Lately, time feels different, more finite because of my son. He is growing in ways that are visible, more traceable. He waves at birds and trees and everyone and has reactions and questions even if he cannot speak. The time in which he is with me and small feels so brief that I can hold it in one hand. Someday he will be his own person and living his own life with his own views. Everything else besides him feels trivial.
How do we apply importance and weight to the things we once loved when the center of our universe has shifted?
In the brief moments I have on my own I am left trying to weigh the importance of what I want, one thing against another. Time to write or eating a piece of cheese toast while staring out at the sea? Which serves me more? Which in the end will be a better way to spend the time?
I have been preoccupied with time passing since I was a young child, with a Tupperware chest beneath my bed of mementos like concert tickets, and gum wrappers, and the t-shirt I was wearing during my first kiss, a stack of journals, a stuffed animal, a handwritten recipie from my grandmother. I still have these things, living now in new chests, black with gold buckles and stored in a cabin in Idaho for safekeeping. They have over the years collected more relics like my grandmother’s silk scarfs and serving tray, and my diploma, photo booth strips of ex-boyfriends, and a beer stein, and old short stories and teaching notes and my expired passport with all the good stamps from my traveling years.
I am wondering where does this impulse come from and why have I been chronically nostalgic since my childhood? Do other people feel the need to carry the past even when it is still the present? I came into this life with a desire to hold on, tooth and nail, no matter what. But I cannot hold onto the things I love the most. I cannot ask the ocean to wait for me or my son to stay small or good looks not to leave me.
What good is holding on when we cannot hold the things that matter most? And how can I justify time to write, something that is of no guaranteed outcome, when he is here and he is guaranteed?
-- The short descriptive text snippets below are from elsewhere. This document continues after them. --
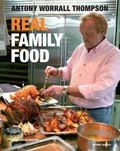 Cover: Real Family Food - Mitchell Beazley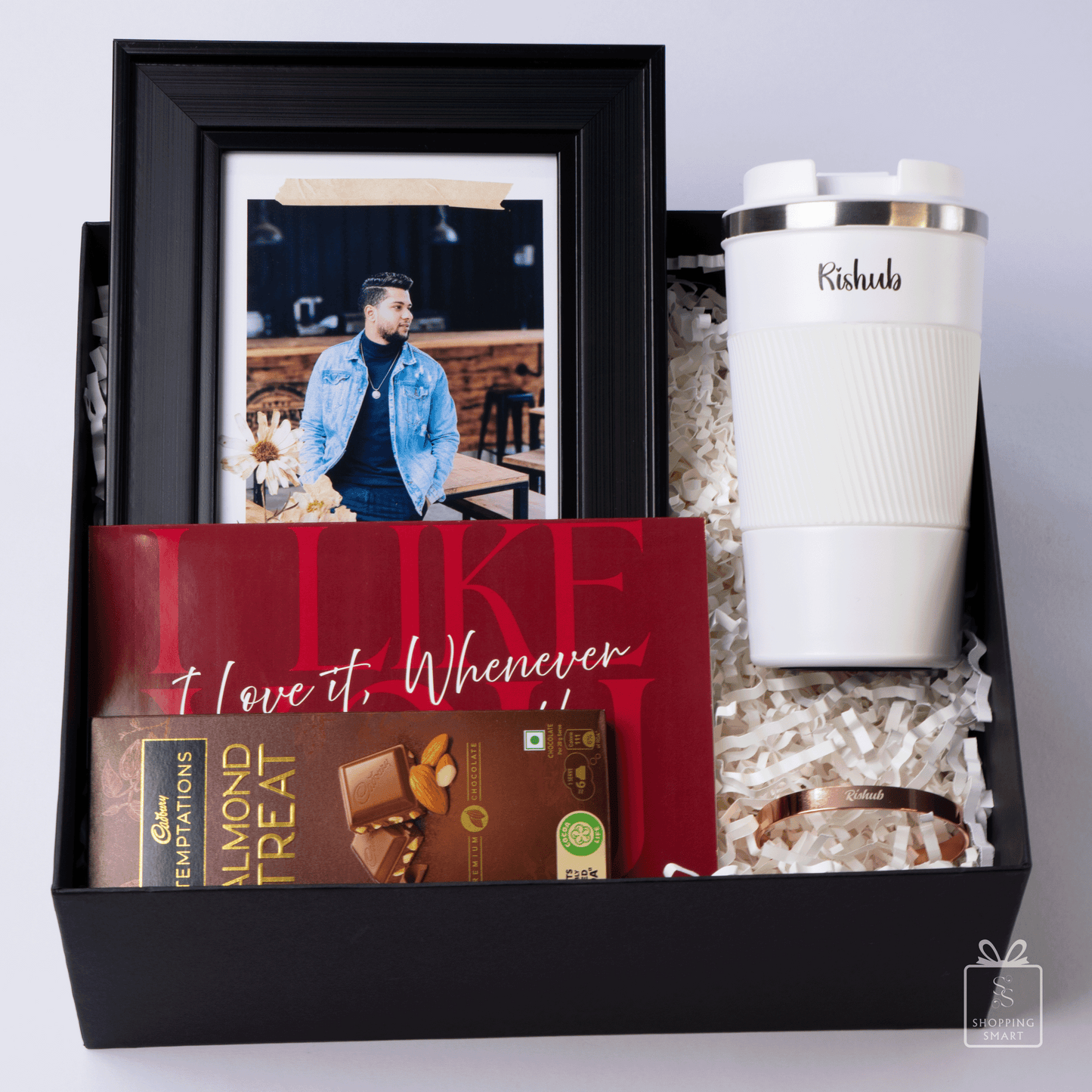 Cherished Moments Hamper - Personalized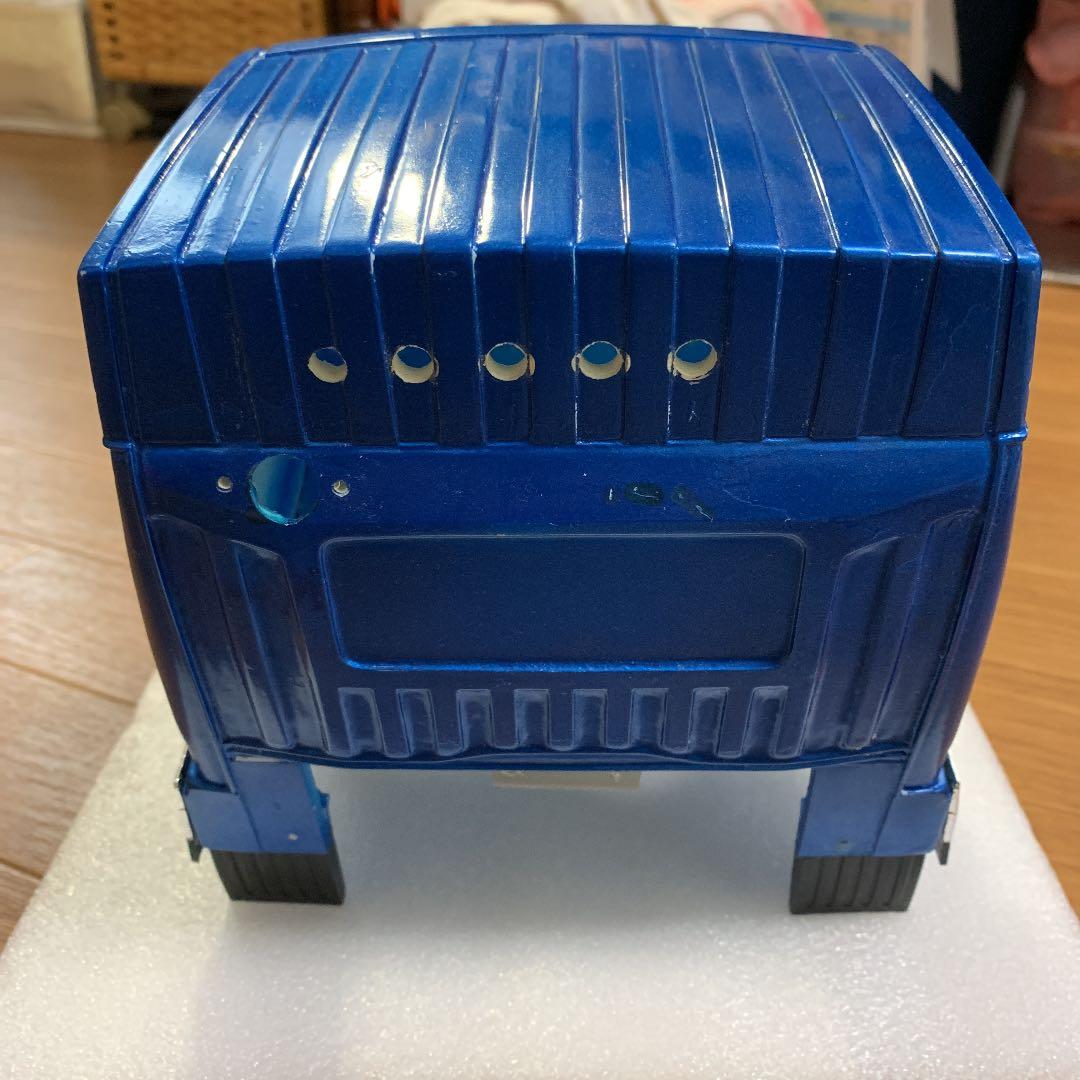 1/14 タミヤ ラジコン トレーラー トラック スーパーグレート キャビン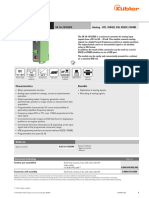 Signalwandler SK.1A-1S1D2RS en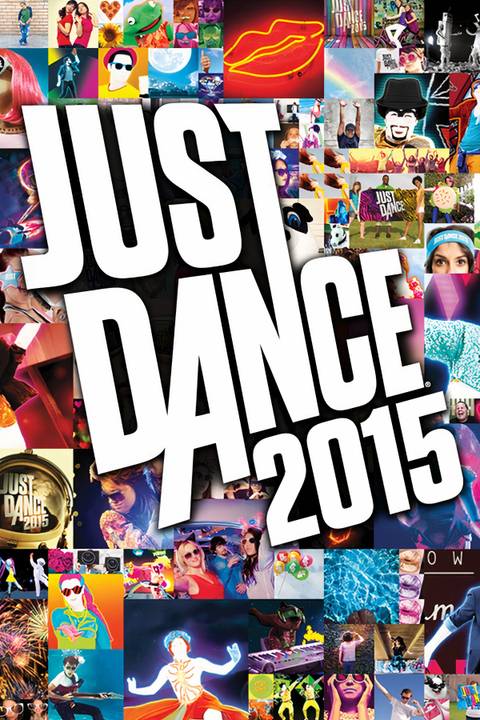Just Dance 2015 Tag Page Cover Art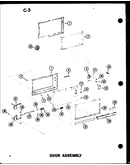 Door assembly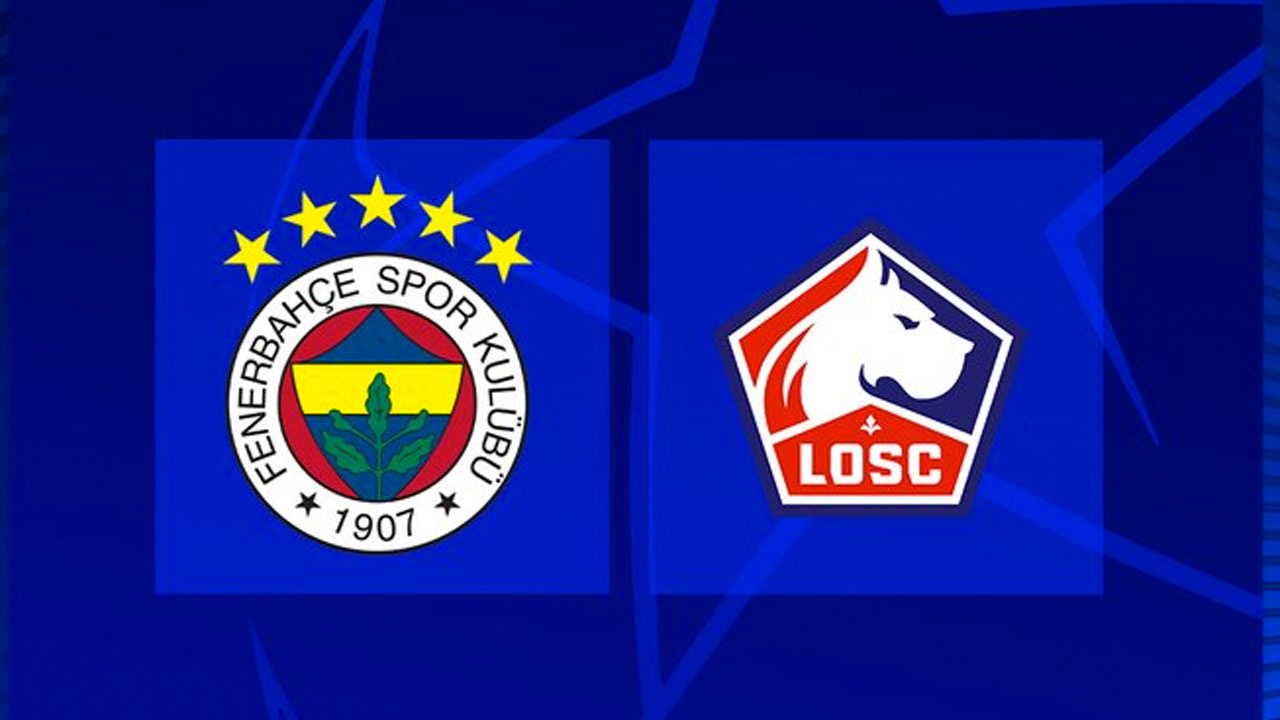 Fenerbahçe Lugano'yu elerse Şampiyonlar Ligi'nde 3. turdaki rakibi belli oldu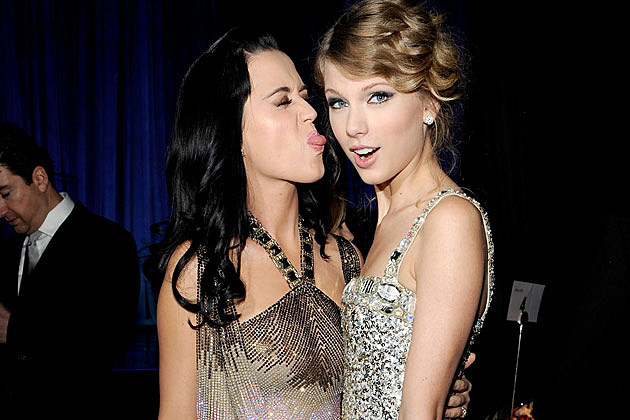 Does Taylor Swifts New Song Bad Blood Shade Katy Perry?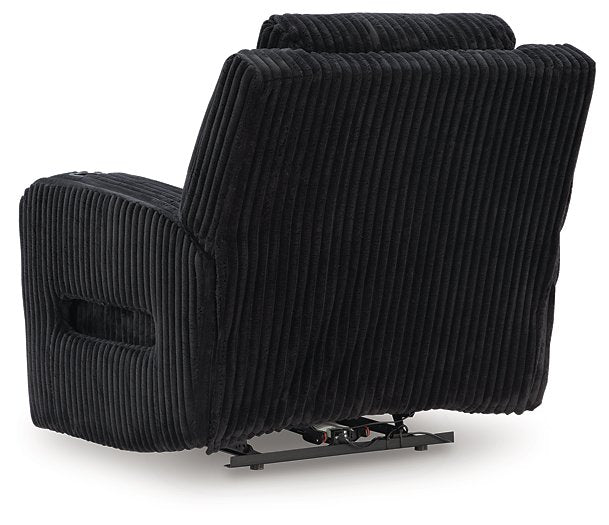 Forest Lake Power Recliner - Furniture 4 Less Outlet (Salinas,CA)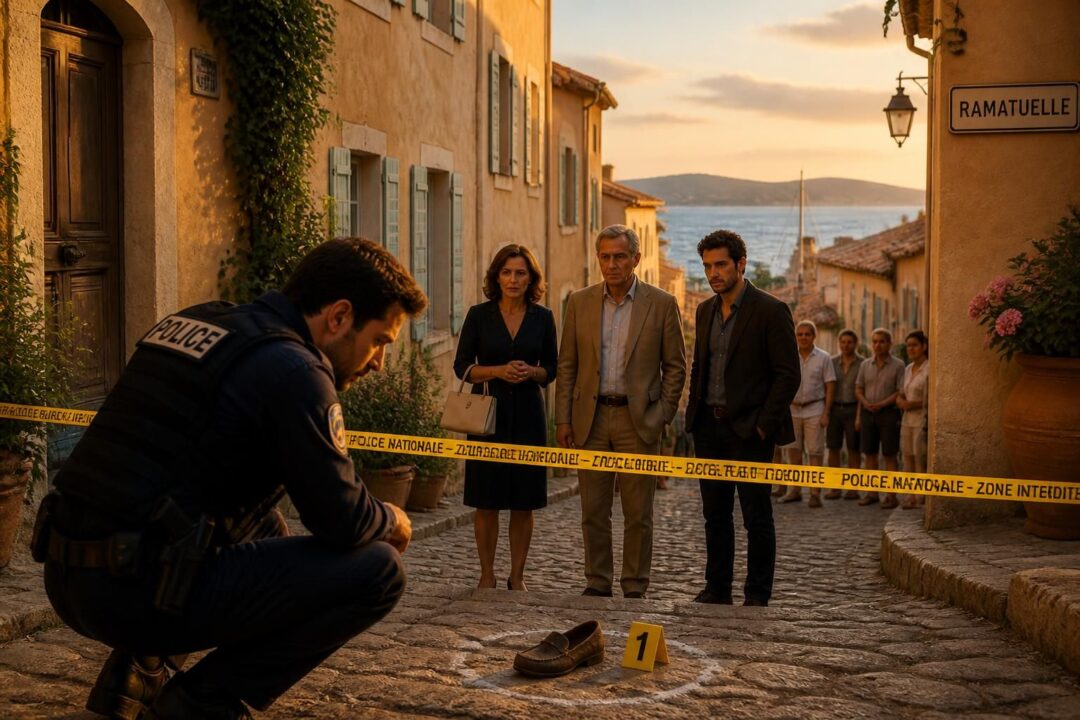 plongez dans l'univers captivant de « crime à ramatuelle », le téléfilm diffusé ce soir sur france 3. découvrez l'intrigue palpitante et les acteurs talentueux qui donnent vie à cette enquête passionnante.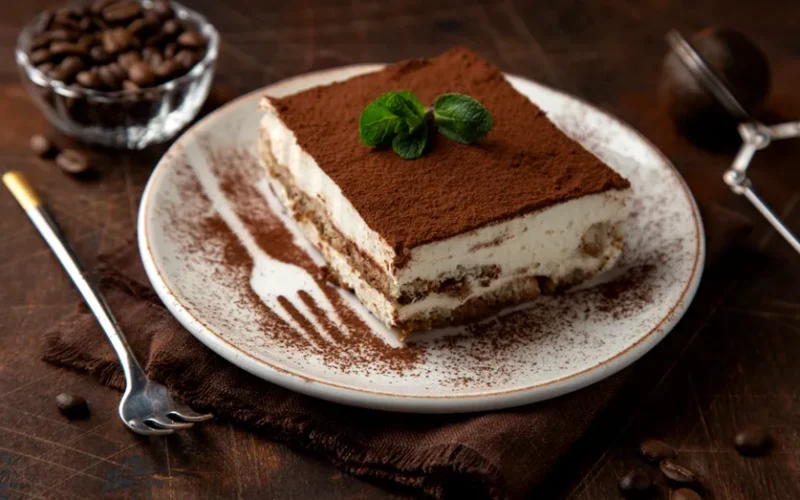 Tiramisu fără ouă. O rețetă la îndemâna oricui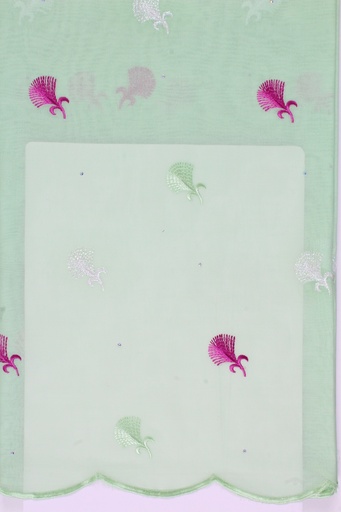 Voile Lace (with stones)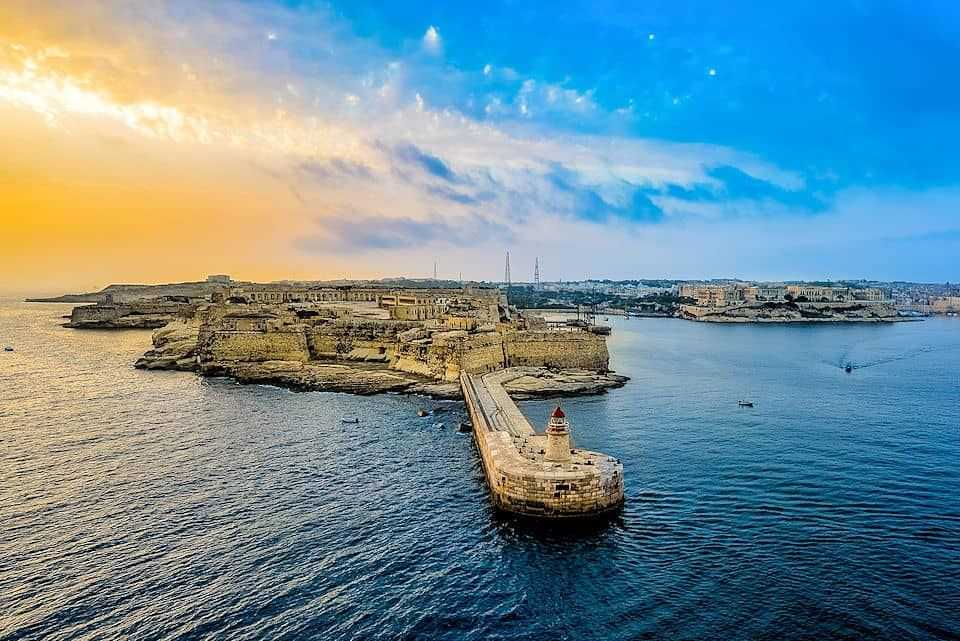 Malta Lage Malta Lage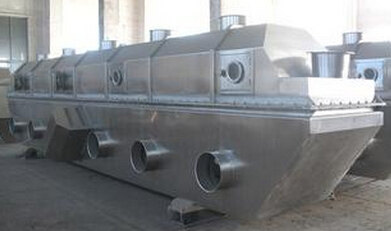 常州流化床干燥机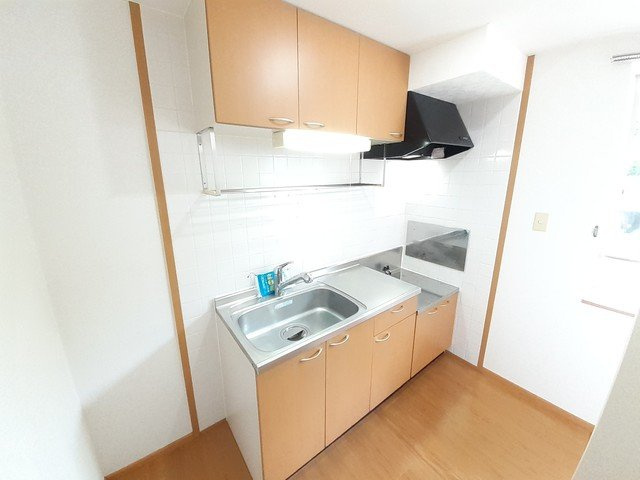 サニーヒルズのキッチン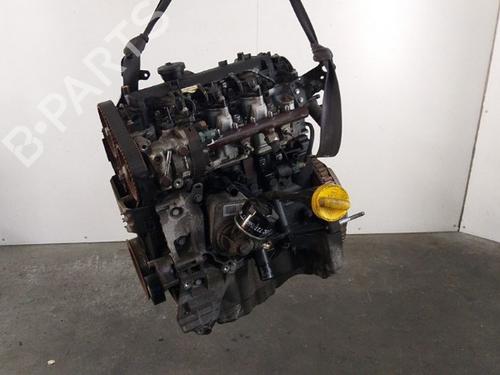 Engine RENAULT CLIO III (BR0/1, CR0/1) 1.5 dCi (88 hp) 15344294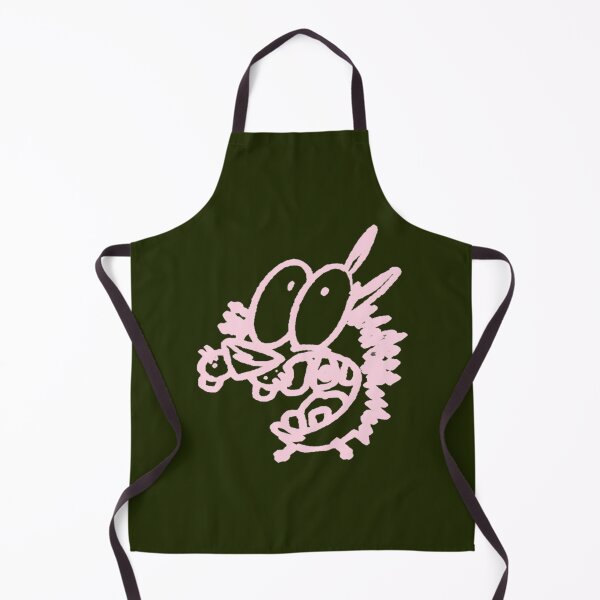 Item preview, Courage The Cowardly Dog Silhoutte By Merch, Limited Edition, Perfect Gift For You And Friends designed and sold by davidxcdesigs.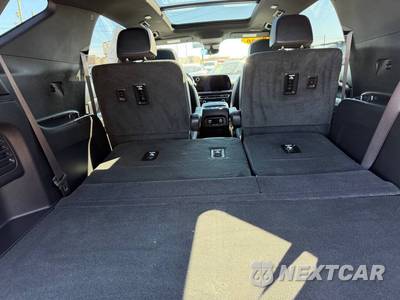2026 Chevrolet Traverse RS - zdjęcie 46 z 71 - miniatura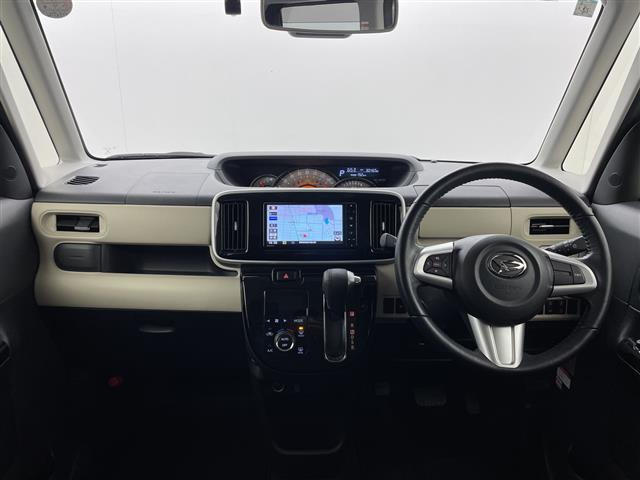 ムーヴキャンバスG ブラックインテリア VS SAIII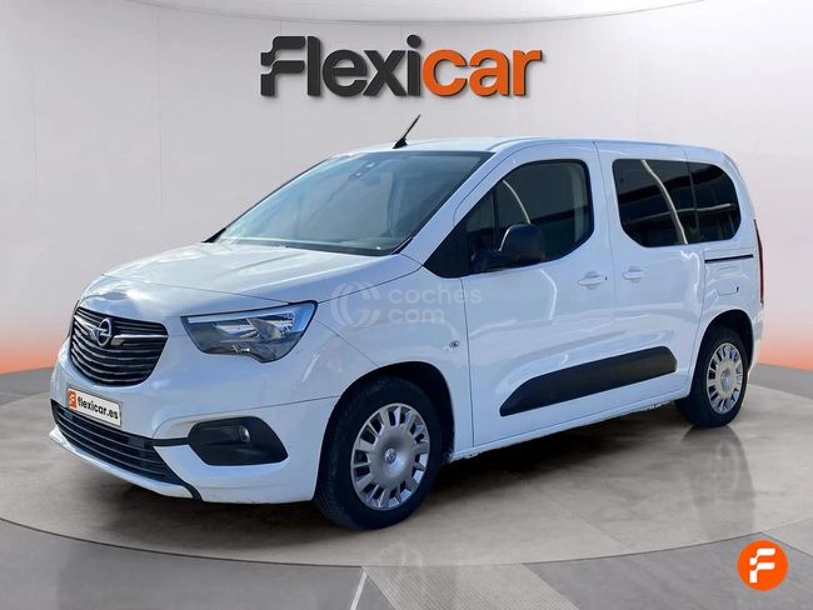 Foto del OPEL Combo Cargo 1.5TD S&S L 1000 Express 100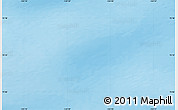 Physical Map of the area around 75° 12' 23" N, 124° 52' 30" W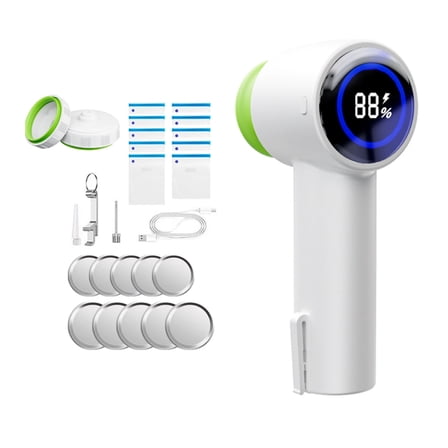 Vacuum Sealer Electric Food Saver Portable Sealing Machine Suitable for All Food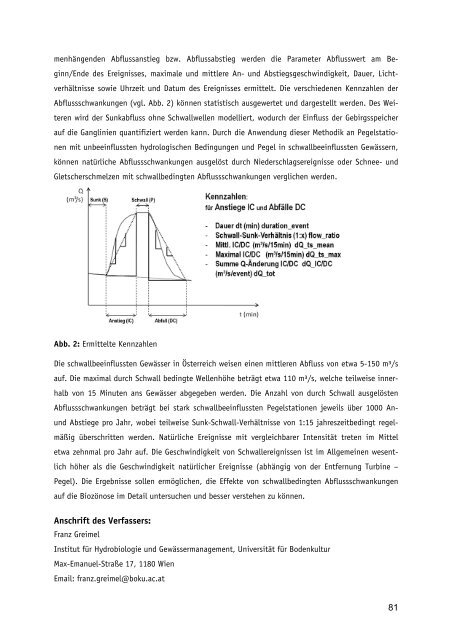 Geographica Augustana - Institut für Geographie und ...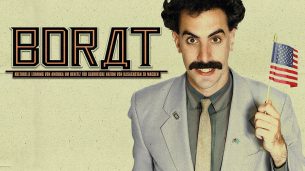 Borat: Cultural Learnings of America for Make Benefit Glorious Nation of Kazakhstan (2006)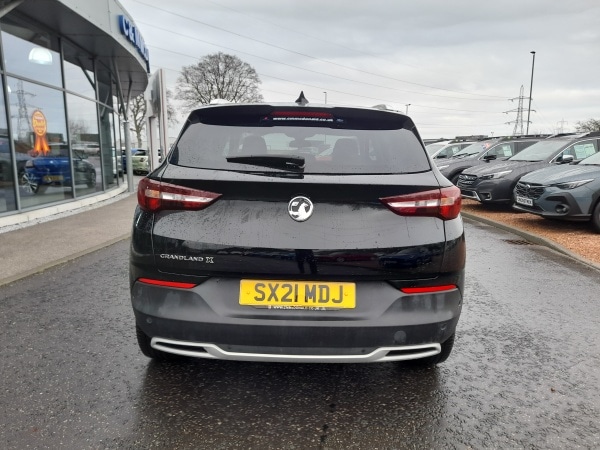 Used Vauxhall Grandland X 2021 for sale - 77208703: Photo 6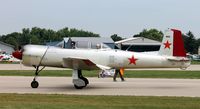 N642K @ KOSH - EAA AirVenture 2013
How do we weigh time against meaning and where into that do we equate the weight of what is lost as time passes by?
How can anything be so beautiful and how can love hurt so much? How do we exist in the liminal balancing space, the horizon line, of what we have and what we want while both shift like the tide? What I do know is that all of this has something to do with forgiveness, though I am not sure how to ask for it.
What I will want to remember later about this time is that he loves to go on walks and will wave at every person who passes by. He loves helicopters and airplanes and delivery trucks. He watches other children with an intense fascination and eats by shoving his fat hand all way into his mouth. He loves raspberries and sausage and any restaurant. He laughs at his father and crawls after the dog and is stubborn and emotional. And lifts his hands in the air to say I don’t know, and it hurts knowing how much I will forget. He bites my ankles if I do something he doesn’t like and prefers to always be outside. Next time I find the time to write he will be different, always becoming something else. Perhaps I am asking time for just a little forgiveness, just a little give this once.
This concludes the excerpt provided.